Tambang Andesit tersebut akan memakan lahan seluas 114 Hektar. Ini menjadi polemik tersendiri, sebab mayoritas masyarakat Desa Wadas hidup sebagai petani.
Berbagai aksi penolakan telah dilakukan. Pada 8 Februari 2022 lalu, ribuan aparat mengepung dan melakukan kekerasan, hingga melakukan penangkapan terhadap warga. Beberapa diantaranya adalah wanita dan anak-anak di bawah umur.
Pameran Kopi ini diadakan beruntun di enam kota: Bali, Batu, Semarang, Bandung, Jakarta dan Yogyakarta (8-28 Februari 2022). Sebanyak 22 Seniman berkolaborasi melalui kemasan berisi bubuk kopi robusta Wadas ukuran 250 gram.
Karya Toni Malakian, misalnya. Toni Mengkreasi wajah petani bernama Mbah Marsono dengan kutipan,”Kita bakal mati tetapi tanah Wadas harus lestari”.
Atau, karya Chrisna Fernand. Kemasan kopi Wadas disulapnya menyerupai beberapa kemasan merk semen populer di Indonesia. Sebuah kritik soal pembangunan di Kendeng, Jawa Tengah yang juga tengah meghadapi penolakan warga.
Farid Stevy, salah satu seniman yang terlibat, menceritakan bagaimana potensi sumber daya di tanah Desa Wadas.
“September 2021 lalu, kami [seniman Jaringan Solidaritas] ke Wadas untuk mural, sekaligus kami ingin dengar cerita dari dari warga langsung. Lalu ternyata di sana potensi alamnya banyak sekali dan diolah dengan baik, salah satunya kopi,” katanya, melalui VICE.
Menurutnya, pameran Kopi Wadas ini adalah bentuk melawan dengan rasa.
“Bayangkan, gimana rasanya punya tanah, punya sejarah, punya mbah buyut, punya ibu, tiba-tiba mau ditukar uang?”

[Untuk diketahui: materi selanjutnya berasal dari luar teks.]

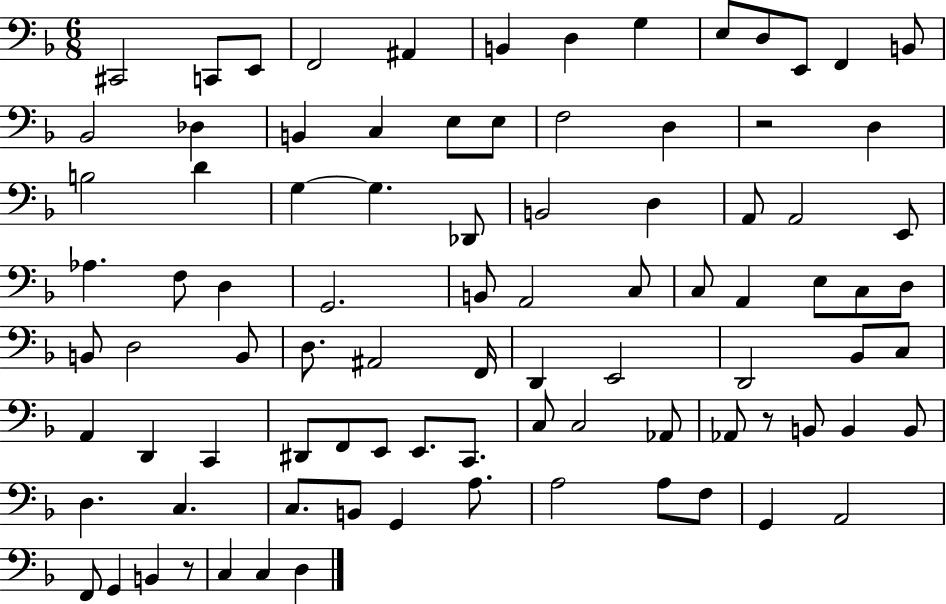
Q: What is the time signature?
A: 6/8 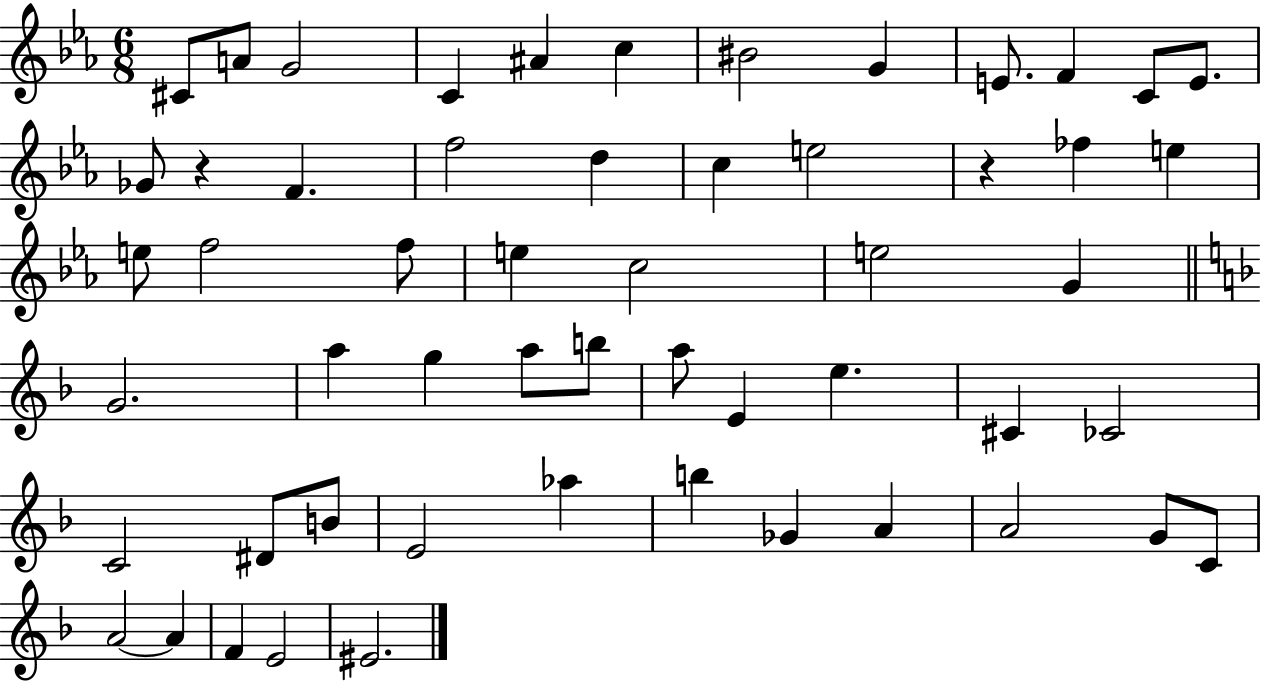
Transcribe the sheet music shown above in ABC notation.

X:1
T:Untitled
M:6/8
L:1/4
K:Eb
^C/2 A/2 G2 C ^A c ^B2 G E/2 F C/2 E/2 _G/2 z F f2 d c e2 z _f e e/2 f2 f/2 e c2 e2 G G2 a g a/2 b/2 a/2 E e ^C _C2 C2 ^D/2 B/2 E2 _a b _G A A2 G/2 C/2 A2 A F E2 ^E2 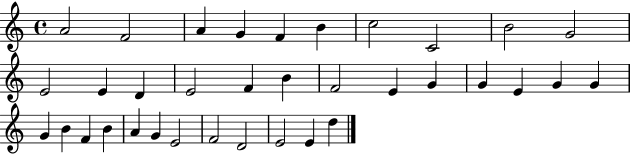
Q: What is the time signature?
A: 4/4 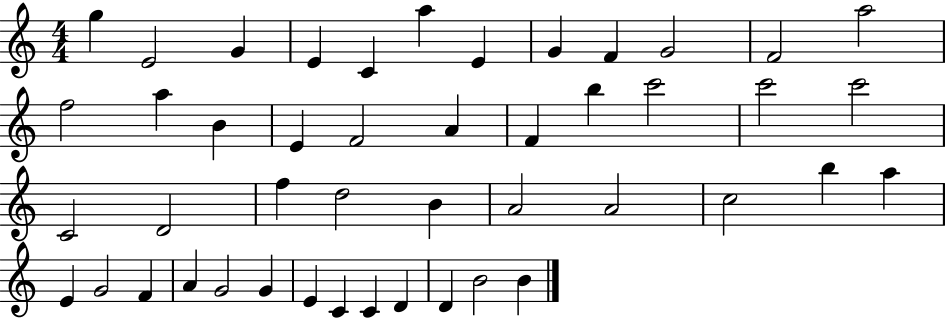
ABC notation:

X:1
T:Untitled
M:4/4
L:1/4
K:C
g E2 G E C a E G F G2 F2 a2 f2 a B E F2 A F b c'2 c'2 c'2 C2 D2 f d2 B A2 A2 c2 b a E G2 F A G2 G E C C D D B2 B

“Ini bukan soal uang, ini soal rasa. Kami melawan, kalau mereka [pemerintah] pakai cara kekerasan, kami melawan dengan cara lembut. Mereka merusak, kami merawat,” tegasnya.
Nantinya, hasil dari penjualan kopi pada pameran ini akan disumbangkan kepada masyarakat Desa Wadas yang tengah berjuang demi tanah masa depan mereka.